Thursday, January 29, 2015

She Asked For It....

June 24, 2014 4:58 pm
"Such radiance hath fashioned itself upon thine face,"
dreamt when waking to a sunrise nice, but paled. And paced.
You, the true silksoft bud grew and bloomed,
As my fingers and words pored, pulled, prodded truths assumed.
"Explore, young petals, explore wider--wider yet, good girl!"
With legs and grins spread darkly wide, exploring toes and tongues curled.
Makeup smeared, bruises endured, we chortled solemn and profound,
Young and tight and smart and naive and happy and naive and lost and found.
"Until when?!," I panic. Until your petalcaresses are out and down?
Until your mmm aroma wears into the sickly sweet scent of sex sweat now?
Until helloes are sighed, goodbyes are nodded, yeses and no's ignored?
Until our Brooklyn routine collects our settled dust, quickly tamed then and bored?
"To Virgins, to Make Much of Time," we'd read;
I did not want you to discover, horribly, (with caution, with care, with yield, with heed) the end.

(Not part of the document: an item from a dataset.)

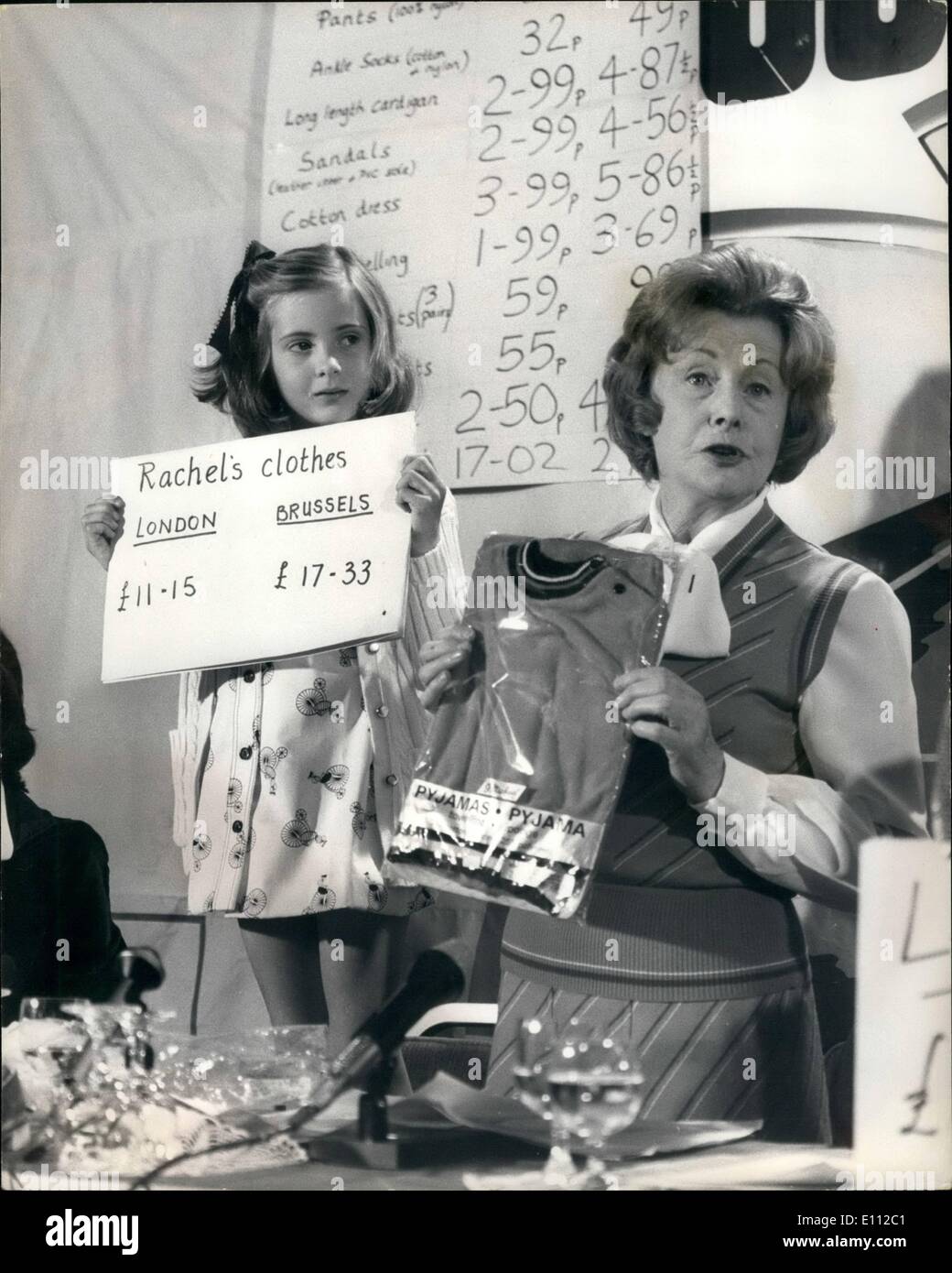 Maggio 05, 1975 - sig.ra Barbara Castle rende il confronto dei prezzi: a seguito del suo viaggio di shopping a Bruxelles, durante la quale ha acquistato vestiti in marchi e spender e alimenti nei supermercati. La sig.ra Barbara Castle, il servizio sociale il ministro oggi ha tenuto una conferenza stampa a Londra. durante il quale ha eseguito un confronto dei prezzi di prodotti analoghi acquistati a Londra. La foto mostra la sig.ra Babara Castello e i suoi 7 anni di grande nipote, Rachel Hinton, che andò con lei a Bruxelles - visto con un set di bambino pigiami comprato a Bruxelles a un costo più elevato. Foto Stock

My flatmate is a pyschopath

Tonight I heard repeated thuds, as of a head tapped in a doorway. Dunk! Dunk! Dunk! These sounds caused my door to open, even, and increased in volume. DUNK! DUNK! DUNK-DUNK! Not a head, in fact. Instead, it was my flatmate trying to close the door in the dark of our hallway, frustrated, saying "I can't get this damn door to close! I don't know what it is!" I turned on the light and immediately saw two problems. One, their was a chain on the door, preventing him from pulling back. Two, the dead bolt was jutting out. And now it was bent, and had busted the door frame. When he, too, acknowledged the problem, he said, "Wait--I've got an idea! Hammer..." His hammer was a micropenis. I said "Let me get my pliers, or a wrench: something to torque the bolt back instead of knocking it," but not before he smacked the bolt precariously towards him, chipping the paint off the door in the process. I took the hammer from him. With a look of manic concentration in his eyes, and his socked-and-sandaled foot stabilizing his Hulk grip of the door, I pulled the bolt back with a wrench. Clicked in. Clicked out. Door Shut and Locked. He extended his hand for a "good job!" handshake. I didn't want to touch him. I dangled my hand over his for a moment then pulled back gracefully. I hate drugs.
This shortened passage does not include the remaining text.